*** SUPPLIED MATERIAL Section Begins ***

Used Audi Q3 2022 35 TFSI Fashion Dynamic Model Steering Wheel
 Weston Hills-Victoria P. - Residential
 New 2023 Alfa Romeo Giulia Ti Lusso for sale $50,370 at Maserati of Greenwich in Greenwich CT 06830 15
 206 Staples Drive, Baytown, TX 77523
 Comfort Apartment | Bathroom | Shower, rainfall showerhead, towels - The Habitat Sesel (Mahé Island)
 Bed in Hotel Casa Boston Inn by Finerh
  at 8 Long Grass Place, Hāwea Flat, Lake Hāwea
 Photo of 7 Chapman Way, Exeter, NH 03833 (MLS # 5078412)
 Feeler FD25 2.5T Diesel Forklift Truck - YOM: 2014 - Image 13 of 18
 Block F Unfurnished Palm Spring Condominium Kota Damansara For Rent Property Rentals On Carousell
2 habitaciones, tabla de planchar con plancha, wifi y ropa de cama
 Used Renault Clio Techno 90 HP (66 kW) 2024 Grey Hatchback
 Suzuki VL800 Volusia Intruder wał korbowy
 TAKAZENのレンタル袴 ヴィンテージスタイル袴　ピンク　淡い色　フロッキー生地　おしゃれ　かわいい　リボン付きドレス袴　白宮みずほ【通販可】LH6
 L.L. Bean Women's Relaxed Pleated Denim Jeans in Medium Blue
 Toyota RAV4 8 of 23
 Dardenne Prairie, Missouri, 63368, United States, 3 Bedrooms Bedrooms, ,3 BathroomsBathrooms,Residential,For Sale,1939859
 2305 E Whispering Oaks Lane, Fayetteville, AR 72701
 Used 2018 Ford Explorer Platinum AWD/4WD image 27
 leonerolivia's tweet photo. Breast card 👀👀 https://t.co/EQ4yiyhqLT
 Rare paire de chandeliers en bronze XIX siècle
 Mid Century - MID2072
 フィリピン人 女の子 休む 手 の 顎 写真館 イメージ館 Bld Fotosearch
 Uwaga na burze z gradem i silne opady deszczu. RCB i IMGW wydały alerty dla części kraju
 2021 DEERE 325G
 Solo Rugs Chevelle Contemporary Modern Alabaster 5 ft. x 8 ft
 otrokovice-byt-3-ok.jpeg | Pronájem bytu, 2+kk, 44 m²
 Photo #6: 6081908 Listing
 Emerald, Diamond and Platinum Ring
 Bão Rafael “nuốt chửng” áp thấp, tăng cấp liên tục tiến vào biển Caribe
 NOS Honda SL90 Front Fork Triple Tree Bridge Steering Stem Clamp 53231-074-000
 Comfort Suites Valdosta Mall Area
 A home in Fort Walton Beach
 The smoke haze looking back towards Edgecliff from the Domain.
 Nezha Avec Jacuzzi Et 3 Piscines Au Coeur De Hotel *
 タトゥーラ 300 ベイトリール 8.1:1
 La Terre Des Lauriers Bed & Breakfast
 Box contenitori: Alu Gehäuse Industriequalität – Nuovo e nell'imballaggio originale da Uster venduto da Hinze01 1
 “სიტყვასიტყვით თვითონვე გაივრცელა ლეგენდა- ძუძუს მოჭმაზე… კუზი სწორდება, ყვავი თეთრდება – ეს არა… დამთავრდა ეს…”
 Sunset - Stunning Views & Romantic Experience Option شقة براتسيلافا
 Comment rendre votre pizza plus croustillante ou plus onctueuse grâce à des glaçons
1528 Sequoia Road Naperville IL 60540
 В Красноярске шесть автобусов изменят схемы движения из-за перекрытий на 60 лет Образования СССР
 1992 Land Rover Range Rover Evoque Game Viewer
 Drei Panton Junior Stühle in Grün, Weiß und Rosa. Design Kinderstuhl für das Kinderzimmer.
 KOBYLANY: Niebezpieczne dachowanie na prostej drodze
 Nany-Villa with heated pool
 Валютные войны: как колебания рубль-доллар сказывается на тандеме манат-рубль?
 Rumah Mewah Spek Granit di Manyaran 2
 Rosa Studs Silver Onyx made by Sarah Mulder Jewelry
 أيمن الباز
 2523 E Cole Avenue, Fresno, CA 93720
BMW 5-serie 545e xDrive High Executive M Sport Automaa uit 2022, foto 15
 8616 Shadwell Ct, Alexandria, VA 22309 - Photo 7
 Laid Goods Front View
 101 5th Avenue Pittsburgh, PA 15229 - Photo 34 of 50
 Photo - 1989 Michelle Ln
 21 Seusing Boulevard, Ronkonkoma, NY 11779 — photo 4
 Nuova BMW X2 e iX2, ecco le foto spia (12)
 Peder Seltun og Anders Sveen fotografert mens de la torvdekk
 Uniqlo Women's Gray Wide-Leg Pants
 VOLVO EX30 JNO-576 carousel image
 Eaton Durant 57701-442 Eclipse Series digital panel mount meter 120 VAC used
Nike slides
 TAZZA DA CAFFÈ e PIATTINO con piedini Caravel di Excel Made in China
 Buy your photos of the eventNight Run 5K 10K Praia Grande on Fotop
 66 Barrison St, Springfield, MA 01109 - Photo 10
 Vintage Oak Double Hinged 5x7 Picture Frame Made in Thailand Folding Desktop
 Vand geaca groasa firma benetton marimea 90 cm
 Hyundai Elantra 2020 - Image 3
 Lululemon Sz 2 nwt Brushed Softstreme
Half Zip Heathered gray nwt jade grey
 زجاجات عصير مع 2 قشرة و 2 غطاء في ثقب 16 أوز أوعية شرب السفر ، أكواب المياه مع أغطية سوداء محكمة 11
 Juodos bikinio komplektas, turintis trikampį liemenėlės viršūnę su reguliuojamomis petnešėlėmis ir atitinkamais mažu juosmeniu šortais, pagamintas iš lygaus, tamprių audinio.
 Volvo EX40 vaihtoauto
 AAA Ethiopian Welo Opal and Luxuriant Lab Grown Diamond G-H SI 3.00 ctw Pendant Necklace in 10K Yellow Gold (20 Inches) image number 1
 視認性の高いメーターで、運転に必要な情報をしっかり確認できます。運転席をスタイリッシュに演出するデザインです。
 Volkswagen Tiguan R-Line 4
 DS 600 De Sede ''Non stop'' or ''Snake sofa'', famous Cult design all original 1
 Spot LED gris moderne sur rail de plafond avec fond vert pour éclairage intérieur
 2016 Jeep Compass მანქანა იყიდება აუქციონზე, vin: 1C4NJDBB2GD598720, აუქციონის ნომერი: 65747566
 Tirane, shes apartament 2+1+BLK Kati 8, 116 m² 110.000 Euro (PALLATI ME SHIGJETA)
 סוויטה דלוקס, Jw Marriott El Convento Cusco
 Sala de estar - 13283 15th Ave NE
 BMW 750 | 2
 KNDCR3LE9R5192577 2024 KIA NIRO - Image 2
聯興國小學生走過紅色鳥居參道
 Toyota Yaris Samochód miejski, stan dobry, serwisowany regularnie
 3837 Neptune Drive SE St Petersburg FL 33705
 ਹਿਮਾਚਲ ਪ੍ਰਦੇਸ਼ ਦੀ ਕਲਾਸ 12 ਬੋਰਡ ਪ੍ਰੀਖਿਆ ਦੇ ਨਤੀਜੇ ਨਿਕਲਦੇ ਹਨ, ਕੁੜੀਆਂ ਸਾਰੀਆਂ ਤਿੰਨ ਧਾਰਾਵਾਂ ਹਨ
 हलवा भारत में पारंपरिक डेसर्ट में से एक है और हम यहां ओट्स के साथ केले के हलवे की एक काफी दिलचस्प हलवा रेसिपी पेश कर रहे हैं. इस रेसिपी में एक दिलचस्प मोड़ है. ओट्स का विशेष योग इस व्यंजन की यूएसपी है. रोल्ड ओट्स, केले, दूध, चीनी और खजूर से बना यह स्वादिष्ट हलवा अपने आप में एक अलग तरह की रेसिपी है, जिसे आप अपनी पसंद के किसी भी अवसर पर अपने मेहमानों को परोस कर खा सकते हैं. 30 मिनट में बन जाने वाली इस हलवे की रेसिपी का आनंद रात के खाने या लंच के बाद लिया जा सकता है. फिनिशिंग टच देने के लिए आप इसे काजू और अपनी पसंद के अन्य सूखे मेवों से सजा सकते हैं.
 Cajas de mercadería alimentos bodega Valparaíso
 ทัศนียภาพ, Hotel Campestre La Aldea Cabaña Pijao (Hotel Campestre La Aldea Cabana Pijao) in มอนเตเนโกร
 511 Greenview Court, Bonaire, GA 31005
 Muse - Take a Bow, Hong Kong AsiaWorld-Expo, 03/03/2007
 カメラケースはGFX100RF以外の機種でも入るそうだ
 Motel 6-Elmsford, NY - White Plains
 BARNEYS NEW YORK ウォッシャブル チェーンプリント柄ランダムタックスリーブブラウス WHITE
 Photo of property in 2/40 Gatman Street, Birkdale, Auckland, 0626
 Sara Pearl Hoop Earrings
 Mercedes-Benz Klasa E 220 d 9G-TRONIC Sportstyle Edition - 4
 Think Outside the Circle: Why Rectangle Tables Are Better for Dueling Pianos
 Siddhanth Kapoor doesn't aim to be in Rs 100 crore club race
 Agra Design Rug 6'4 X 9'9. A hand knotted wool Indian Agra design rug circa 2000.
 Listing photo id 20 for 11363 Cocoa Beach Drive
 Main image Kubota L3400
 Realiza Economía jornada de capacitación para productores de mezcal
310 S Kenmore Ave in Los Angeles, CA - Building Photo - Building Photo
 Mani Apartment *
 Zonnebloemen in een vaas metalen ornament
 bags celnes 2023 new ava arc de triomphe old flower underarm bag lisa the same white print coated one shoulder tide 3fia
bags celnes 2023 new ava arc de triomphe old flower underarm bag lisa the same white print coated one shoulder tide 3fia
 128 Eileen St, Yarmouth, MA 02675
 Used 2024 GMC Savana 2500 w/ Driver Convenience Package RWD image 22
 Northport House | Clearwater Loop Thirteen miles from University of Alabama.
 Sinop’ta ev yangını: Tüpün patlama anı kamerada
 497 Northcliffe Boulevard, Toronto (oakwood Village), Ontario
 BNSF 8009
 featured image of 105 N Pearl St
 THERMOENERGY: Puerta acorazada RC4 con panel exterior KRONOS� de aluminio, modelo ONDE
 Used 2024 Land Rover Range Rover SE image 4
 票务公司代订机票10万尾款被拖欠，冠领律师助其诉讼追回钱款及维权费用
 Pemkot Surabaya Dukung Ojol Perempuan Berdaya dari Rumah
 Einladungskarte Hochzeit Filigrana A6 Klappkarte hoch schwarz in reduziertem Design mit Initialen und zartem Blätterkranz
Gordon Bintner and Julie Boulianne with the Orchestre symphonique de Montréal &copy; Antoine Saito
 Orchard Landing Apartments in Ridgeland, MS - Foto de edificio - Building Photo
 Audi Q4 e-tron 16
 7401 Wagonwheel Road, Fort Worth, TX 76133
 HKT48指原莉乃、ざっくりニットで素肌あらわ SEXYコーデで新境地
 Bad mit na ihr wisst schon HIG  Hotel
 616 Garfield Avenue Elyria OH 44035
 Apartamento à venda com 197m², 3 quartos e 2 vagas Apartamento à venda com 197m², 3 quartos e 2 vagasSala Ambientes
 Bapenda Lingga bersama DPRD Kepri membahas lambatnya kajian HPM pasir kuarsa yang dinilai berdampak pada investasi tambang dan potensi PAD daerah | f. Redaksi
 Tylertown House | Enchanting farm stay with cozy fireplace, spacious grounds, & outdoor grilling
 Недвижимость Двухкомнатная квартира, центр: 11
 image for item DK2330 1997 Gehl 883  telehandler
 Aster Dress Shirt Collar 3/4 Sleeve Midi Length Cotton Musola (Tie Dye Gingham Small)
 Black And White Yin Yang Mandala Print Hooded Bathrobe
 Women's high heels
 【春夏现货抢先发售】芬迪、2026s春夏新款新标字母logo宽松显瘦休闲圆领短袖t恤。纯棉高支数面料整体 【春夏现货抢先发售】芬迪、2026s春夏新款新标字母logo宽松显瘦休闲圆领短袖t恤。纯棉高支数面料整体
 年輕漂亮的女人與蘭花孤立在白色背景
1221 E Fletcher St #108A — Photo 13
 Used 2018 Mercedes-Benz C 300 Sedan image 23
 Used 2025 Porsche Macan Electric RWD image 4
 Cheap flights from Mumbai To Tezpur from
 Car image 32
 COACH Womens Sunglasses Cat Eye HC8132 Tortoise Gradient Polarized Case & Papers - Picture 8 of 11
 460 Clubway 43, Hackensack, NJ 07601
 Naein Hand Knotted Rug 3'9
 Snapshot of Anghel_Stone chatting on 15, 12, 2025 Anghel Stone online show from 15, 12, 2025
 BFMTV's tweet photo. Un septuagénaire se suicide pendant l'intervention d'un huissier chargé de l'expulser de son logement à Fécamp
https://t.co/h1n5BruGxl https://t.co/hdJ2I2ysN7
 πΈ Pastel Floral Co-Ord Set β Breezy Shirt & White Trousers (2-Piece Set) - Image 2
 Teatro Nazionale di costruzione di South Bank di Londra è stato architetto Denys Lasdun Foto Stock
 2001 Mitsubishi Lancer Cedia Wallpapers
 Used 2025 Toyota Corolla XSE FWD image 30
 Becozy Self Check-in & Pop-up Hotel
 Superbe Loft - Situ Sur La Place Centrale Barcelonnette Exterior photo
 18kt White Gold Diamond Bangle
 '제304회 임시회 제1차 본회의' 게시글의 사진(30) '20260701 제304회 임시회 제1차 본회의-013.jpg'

*** SUPPLIED MATERIAL Section Ends ***

WHAT YOU SHOULD DO:
Please retype, with no changes, the lines that run from the first line of the entries to the line with "at 8 Long Grass", both ends included.

SOLUTION FOR THIS PROBLEM:
Used Audi Q3 2022 35 TFSI Fashion Dynamic Model Steering Wheel
 Weston Hills-Victoria P. - Residential
 New 2023 Alfa Romeo Giulia Ti Lusso for sale $50,370 at Maserati of Greenwich in Greenwich CT 06830 15
 206 Staples Drive, Baytown, TX 77523
 Comfort Apartment | Bathroom | Shower, rainfall showerhead, towels - The Habitat Sesel (Mahé Island)
 Bed in Hotel Casa Boston Inn by Finerh
  at 8 Long Grass Place, Hāwea Flat, Lake Hāwea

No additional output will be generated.